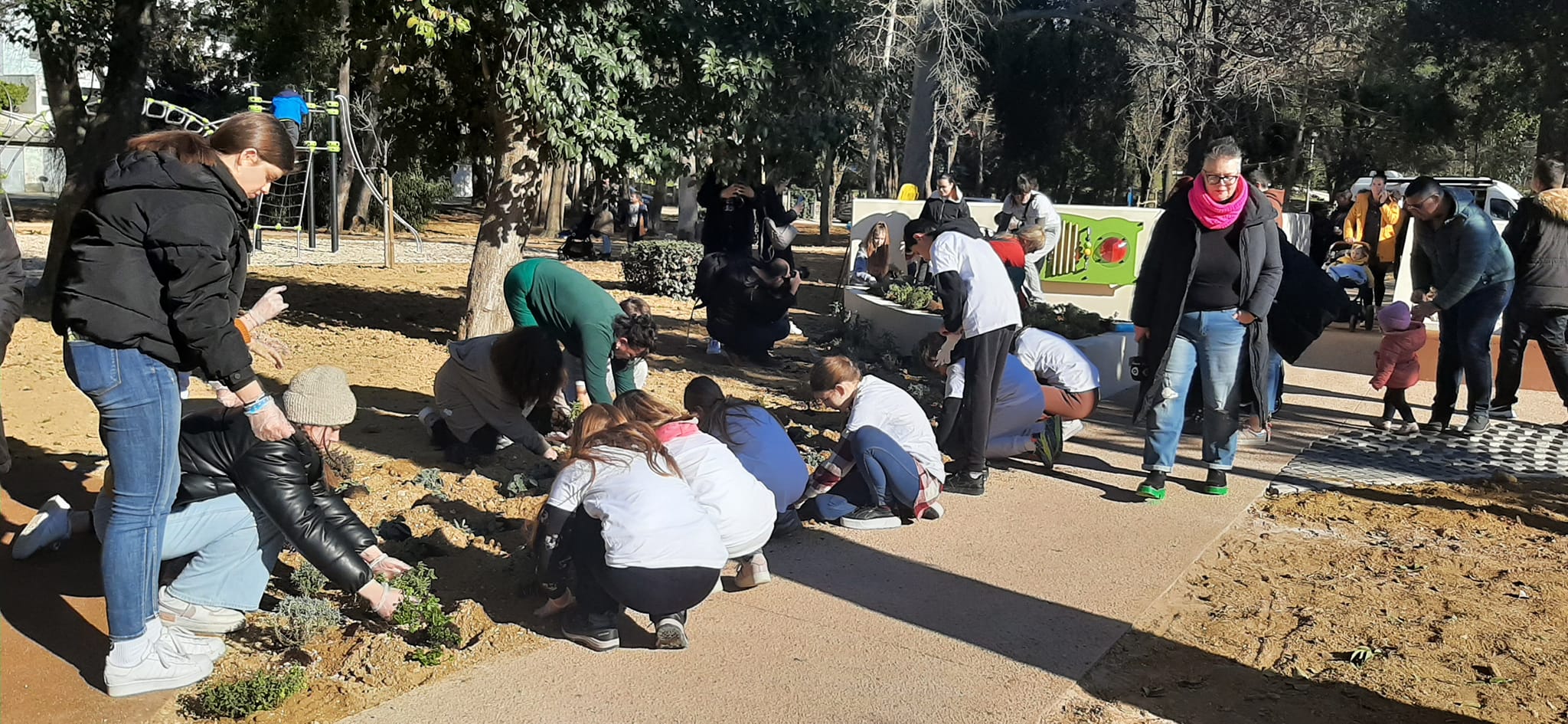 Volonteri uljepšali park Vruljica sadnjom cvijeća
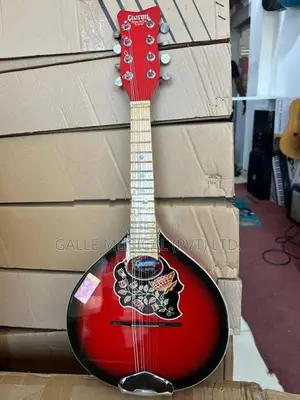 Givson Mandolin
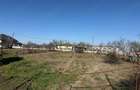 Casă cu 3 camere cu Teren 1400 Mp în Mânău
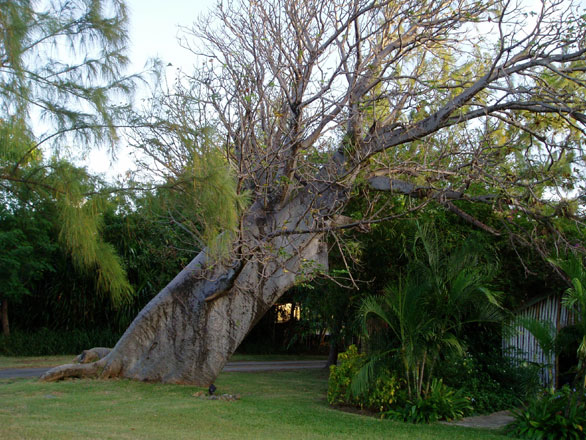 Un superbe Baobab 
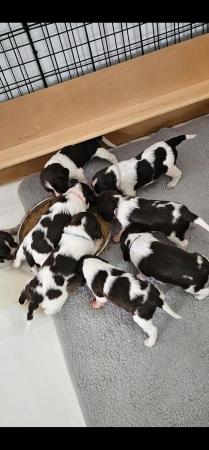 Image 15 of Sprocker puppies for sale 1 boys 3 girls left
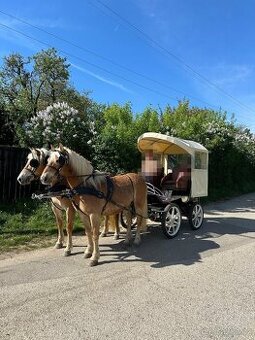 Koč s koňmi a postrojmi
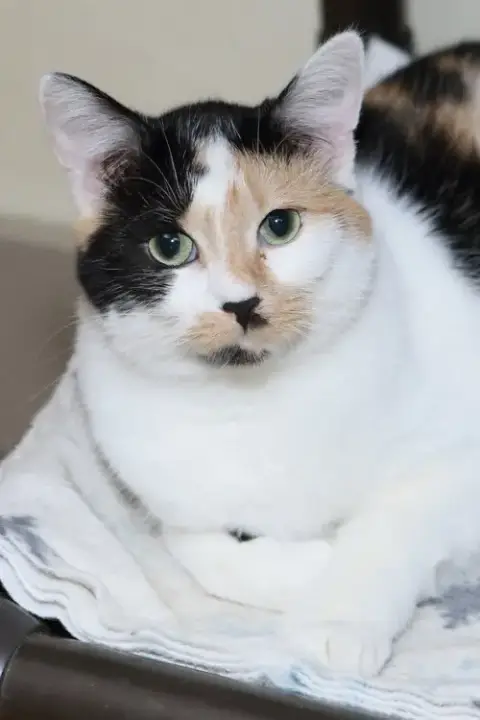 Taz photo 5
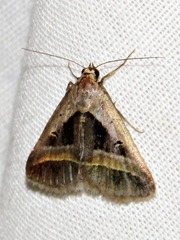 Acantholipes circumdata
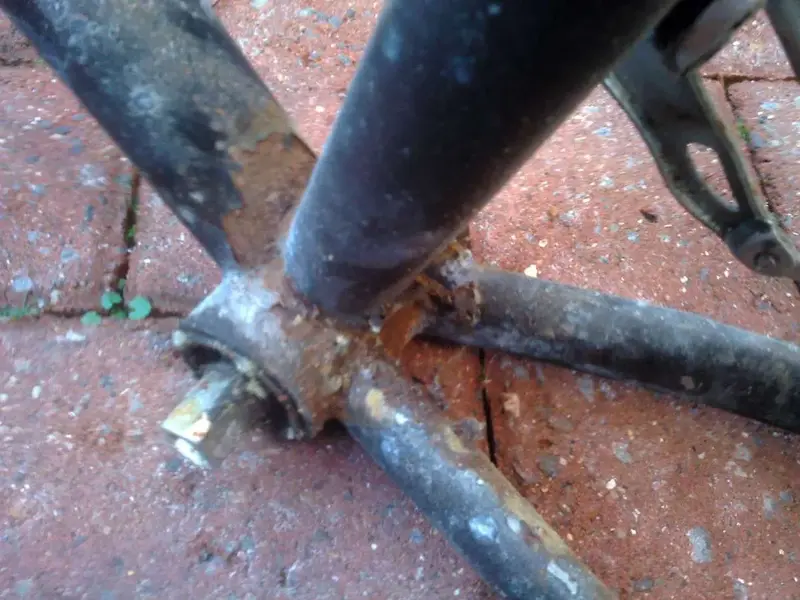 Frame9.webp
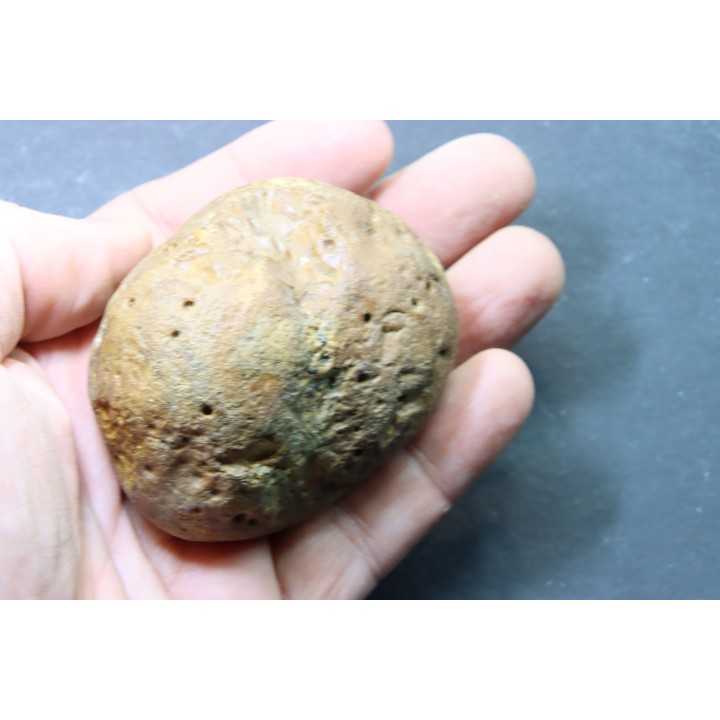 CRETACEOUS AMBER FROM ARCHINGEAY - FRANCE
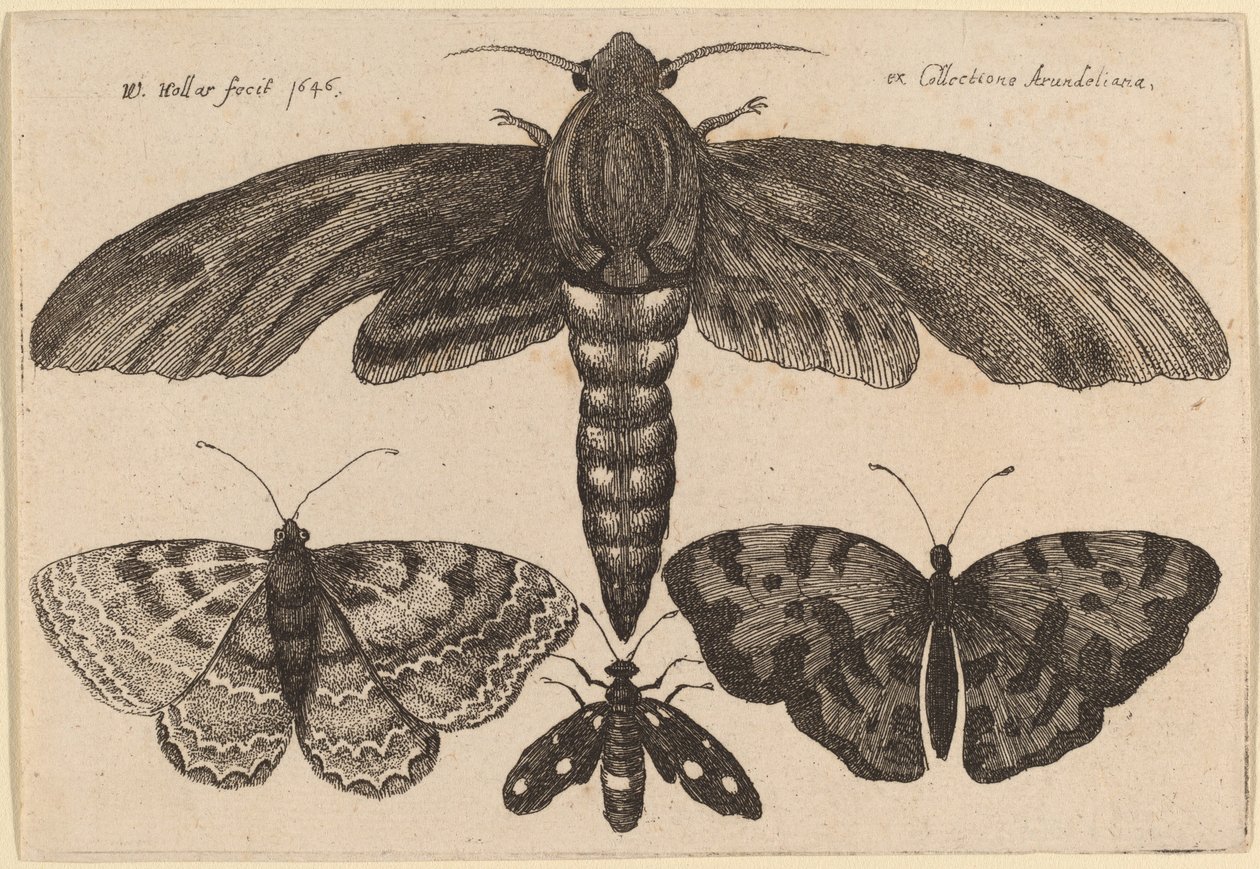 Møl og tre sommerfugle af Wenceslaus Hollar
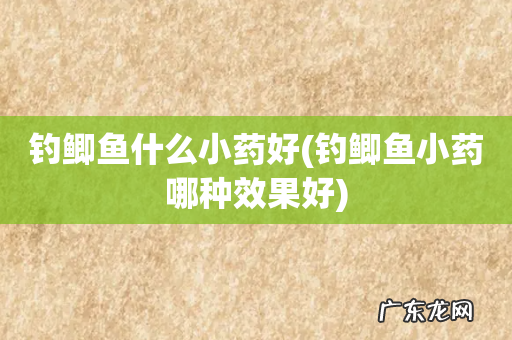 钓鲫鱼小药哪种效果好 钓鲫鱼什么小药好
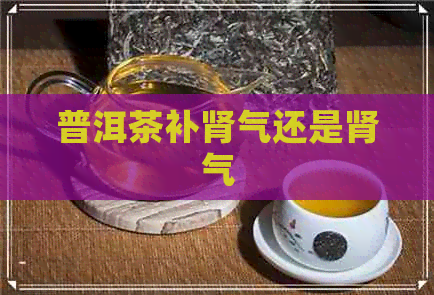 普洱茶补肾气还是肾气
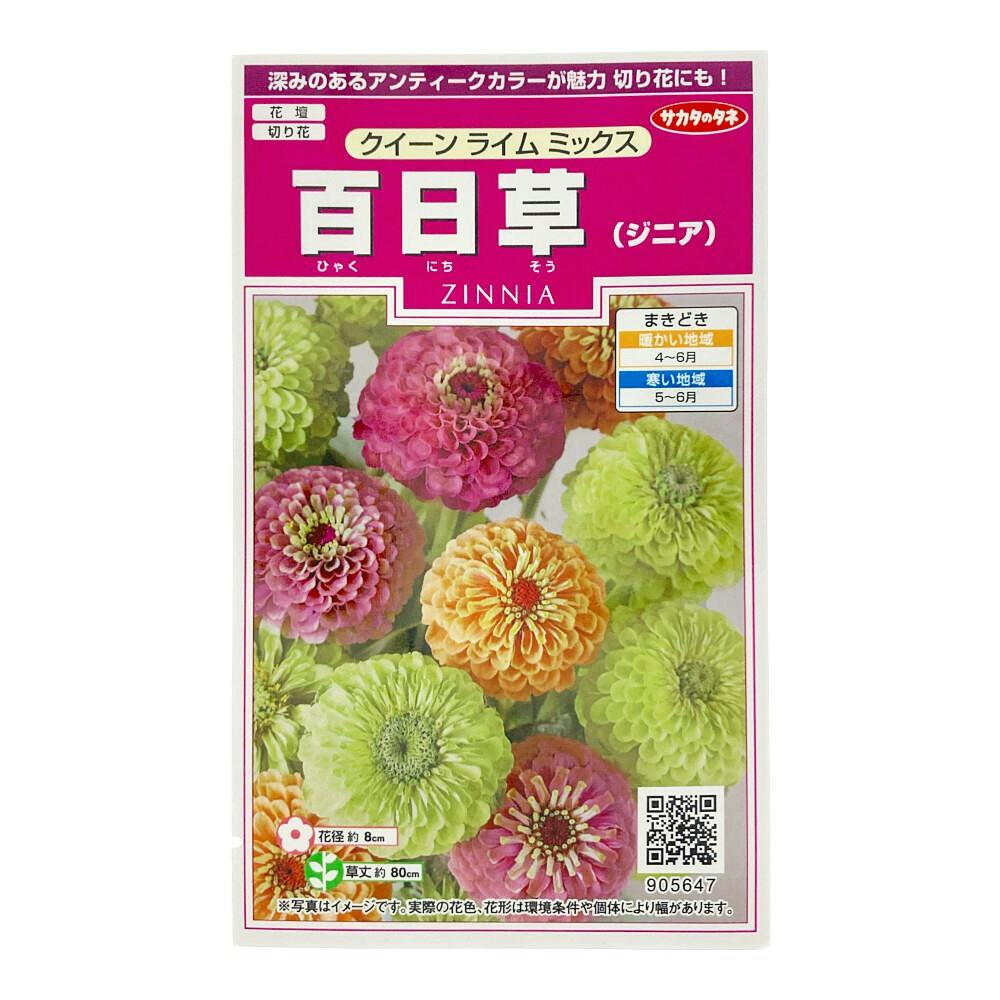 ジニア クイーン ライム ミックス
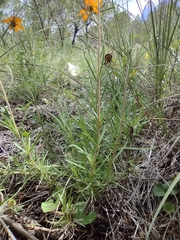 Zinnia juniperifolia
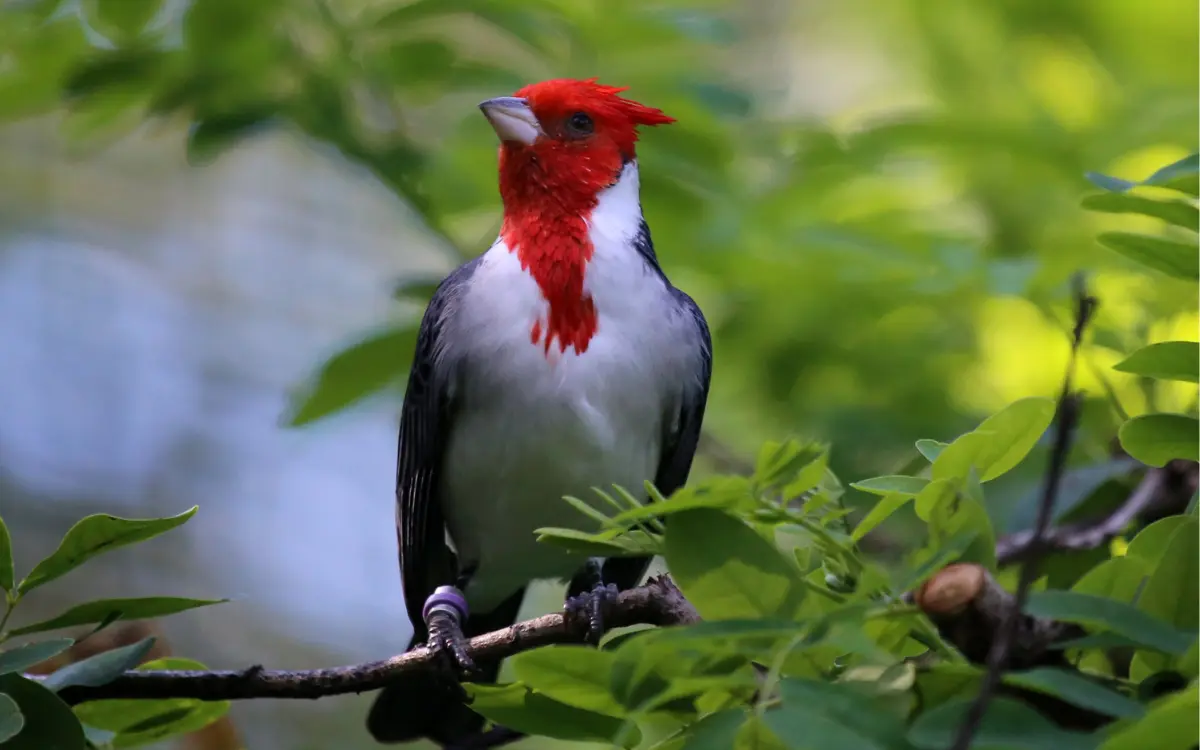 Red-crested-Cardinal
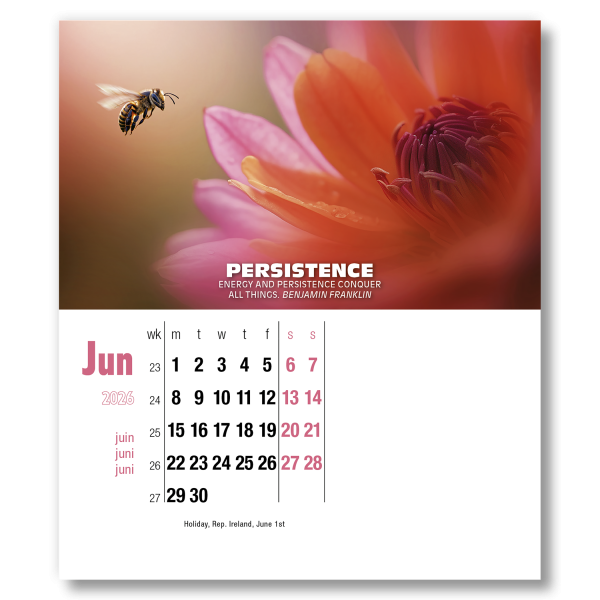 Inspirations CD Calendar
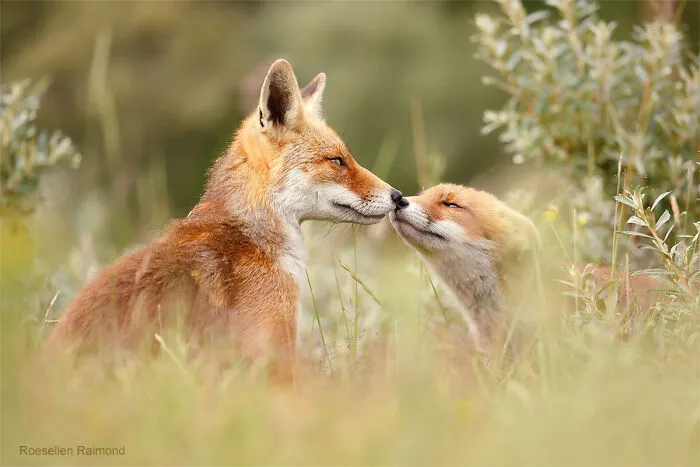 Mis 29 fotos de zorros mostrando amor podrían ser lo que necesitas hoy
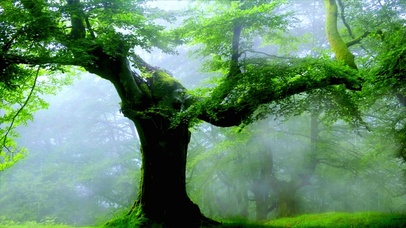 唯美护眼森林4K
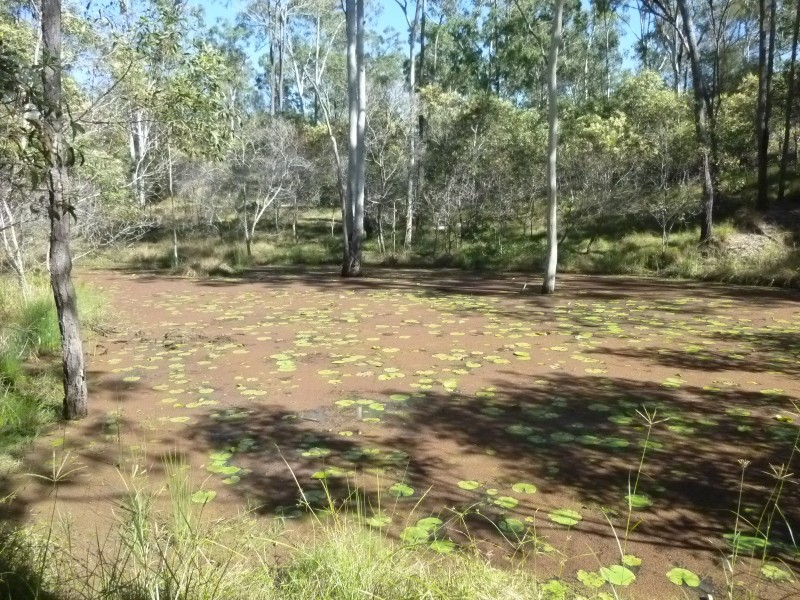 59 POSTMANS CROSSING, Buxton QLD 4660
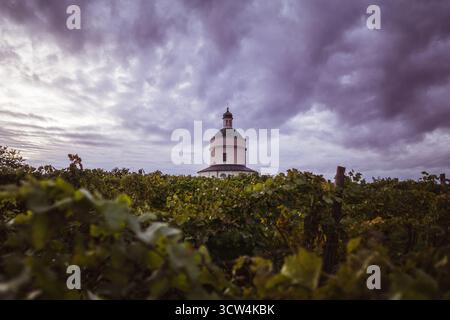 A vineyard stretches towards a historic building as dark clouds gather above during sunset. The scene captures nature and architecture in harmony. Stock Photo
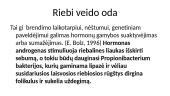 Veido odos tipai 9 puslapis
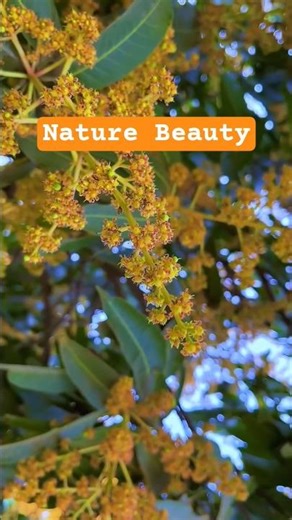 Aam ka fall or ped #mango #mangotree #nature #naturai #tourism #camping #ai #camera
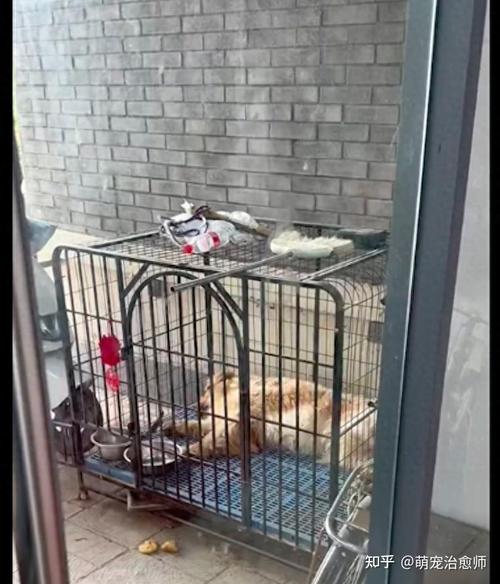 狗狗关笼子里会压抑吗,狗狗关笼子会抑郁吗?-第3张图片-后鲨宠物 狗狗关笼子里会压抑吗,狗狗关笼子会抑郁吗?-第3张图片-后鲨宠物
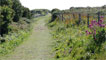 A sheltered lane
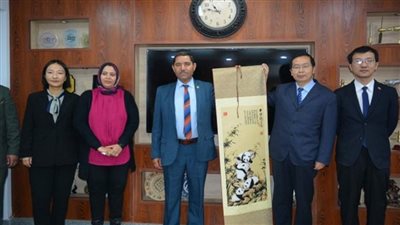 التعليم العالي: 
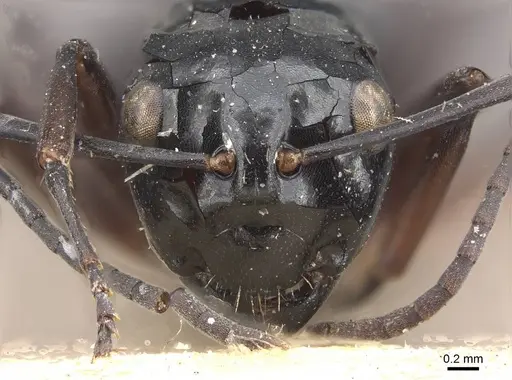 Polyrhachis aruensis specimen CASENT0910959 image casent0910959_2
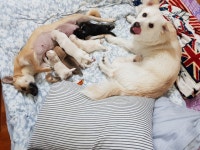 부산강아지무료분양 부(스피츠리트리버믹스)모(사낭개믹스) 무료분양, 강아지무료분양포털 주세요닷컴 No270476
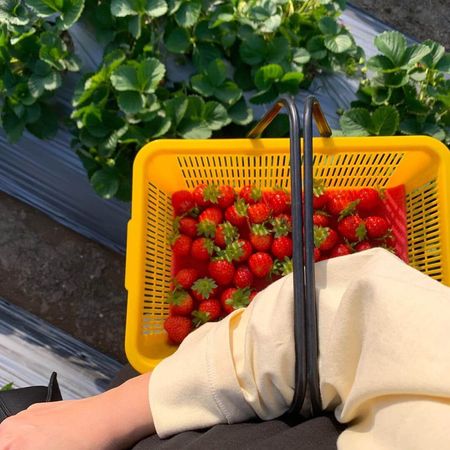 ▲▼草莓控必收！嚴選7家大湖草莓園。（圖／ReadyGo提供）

**PROBLEM TO SOLVE**
Copy out each line of the data exactly as it reads; skip the pictures.

**OUTPUT OF THE TASK**
 Volonteri uljepšali park Vruljica sadnjom cvijeća
 Givson Mandolin
 Casă cu 3 camere cu Teren 1400 Mp în Mânău
 Un superbe Baobab 
 Image 15 of Sprocker puppies for sale 1 boys 3 girls left
 Koč s koňmi a postrojmi
 Taz photo 5
 Acantholipes circumdata
 Frame9.webp
 CRETACEOUS AMBER FROM ARCHINGEAY - FRANCE
 Møl og tre sommerfugle af Wenceslaus Hollar
 钓鲫鱼小药哪种效果好 钓鲫鱼什么小药好
 普洱茶补肾气还是肾气
 ジニア クイーン ライム ミックス
 Zinnia juniperifolia
 Red-crested-Cardinal
 Inspirations CD Calendar
 Mis 29 fotos de zorros mostrando amor podrían ser lo que necesitas hoy
 唯美护眼森林4K
 59 POSTMANS CROSSING, Buxton QLD 4660
 A vineyard stretches towards a historic building as dark clouds gather above during sunset. The scene captures nature and architecture in harmony. Stock Photo
 Veido odos tipai 9 puslapis
 Aam ka fall or ped #mango #mangotree #nature #naturai #tourism #camping #ai #camera
 狗狗关笼子里会压抑吗,狗狗关笼子会抑郁吗?-第3张图片-后鲨宠物 狗狗关笼子里会压抑吗,狗狗关笼子会抑郁吗?-第3张图片-后鲨宠物
 A sheltered lane
 التعليم العالي: 
 Polyrhachis aruensis specimen CASENT0910959 image casent0910959_2
 부산강아지무료분양 부(스피츠리트리버믹스)모(사낭개믹스) 무료분양, 강아지무료분양포털 주세요닷컴 No270476
 ▲▼草莓控必收！嚴選7家大湖草莓園。（圖／ReadyGo提供）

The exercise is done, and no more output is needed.